Search code examples
terraformterraform-provider-gcp

Using HEREDOC in Terraform config always triggers update


I am using Terraform to configure a BigQuery Scheduled Query in GCP. Because the query is quite big, I have opted to use HEREDOC to allow me to set write it as a multi-line string.

Here is a simplified version of the config:

resource "google_bigquery_data_transfer_config" "refresh_view" {
  display_name           = "refresh-view"
  location               = var.bigquery_dataset_location
  data_source_id         = "scheduled_query"
  schedule               = "every day 06:00"
  destination_dataset_id = google_bigquery_dataset.dataset.dataset_id
  params = {
    destination_table_name_template = "my_joined_view"
    write_disposition               = "WRITE_TRUNCATE"
    query                           = local.local_query
  }

  depends_on = [var.service_account_member]
}

locals {
  local_query = <<-EOT
      SELECT
          table_a.*,
          table_b.*,
      FROM `${var.project_id}.dataset.table_a` as table_a
      JOIN `${var.project_id}.dataset.table_b` as table_b ON table_b.table_a_id = table_a_id
    EOT
}

The issue I am encountering is that each time I run terraform plan, the 'query' triggers an update for this resource:

  # module.bigquery.google_bigquery_data_transfer_config.refresh_view will be updated in-place
  ~ resource "google_bigquery_data_transfer_config" "refresh_view" {
        id                       = "..."
        name                     = "..."
      ~ params                   = {
          ~ "query"                           = <<-EOT
                SELECT
                ....

Although nothing has changed, terraform always marks the 'query' param as changed.

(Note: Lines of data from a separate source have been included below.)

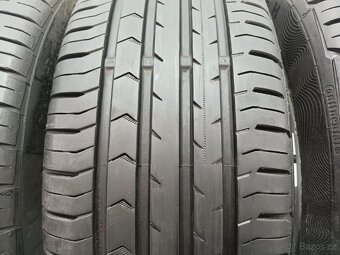 Alu kola Opel Corsa, Adam 4x100 R16 pneu 195/55/16 - 7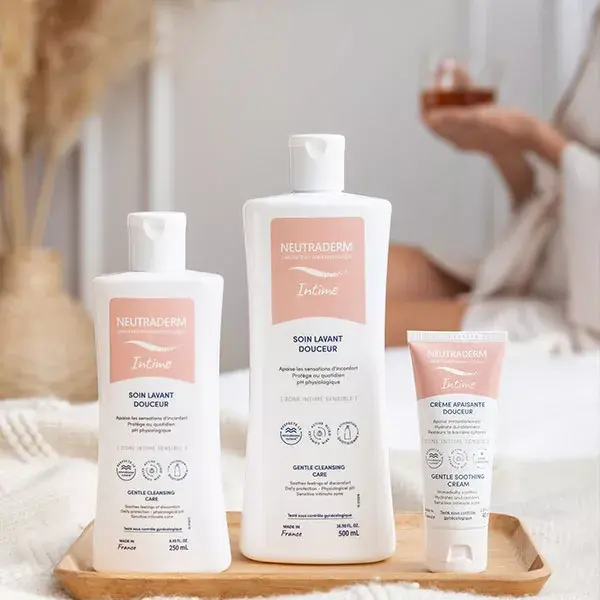 Creme Suavizante Íntimo Neutraderm 40ml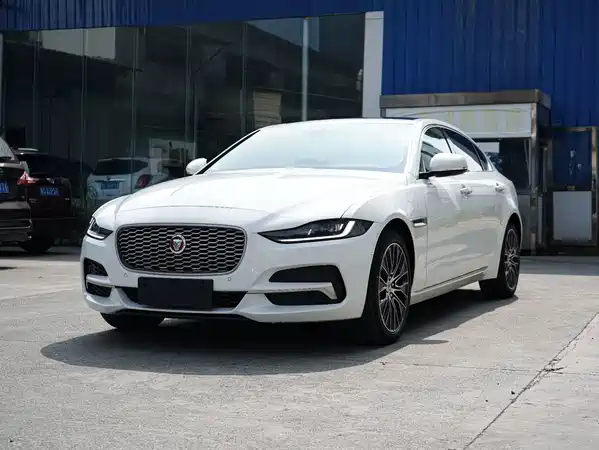 Jaguar XEL 2021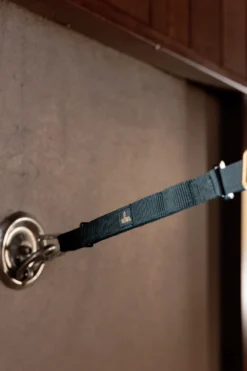 Kentucky Horsewear Kentucky Horsewear|Stallinredning & Upphängning-Uppbindning Safety 140cm Svart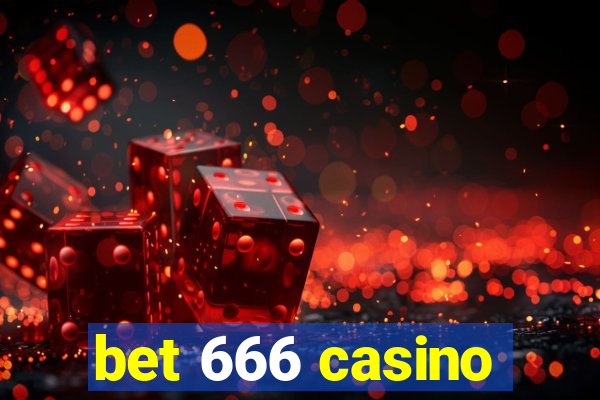 bet 666 casino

Nothing in the actual query itself is marked as changed. (Note: If I deliberately modify line of the SQL, the modified line of SQL would be marked in the terraform plan output, but in this case the query has not changed and nothing is marked).

I think I have narrowed down the issue to using the HEREDOC string. I have tested:

  • replacing the variables in the query (e.g. project_id} with a hard-coded value,
  • moving the query from locals block directly to the resource config,
  • removing whitespace characters (indentation) from the query.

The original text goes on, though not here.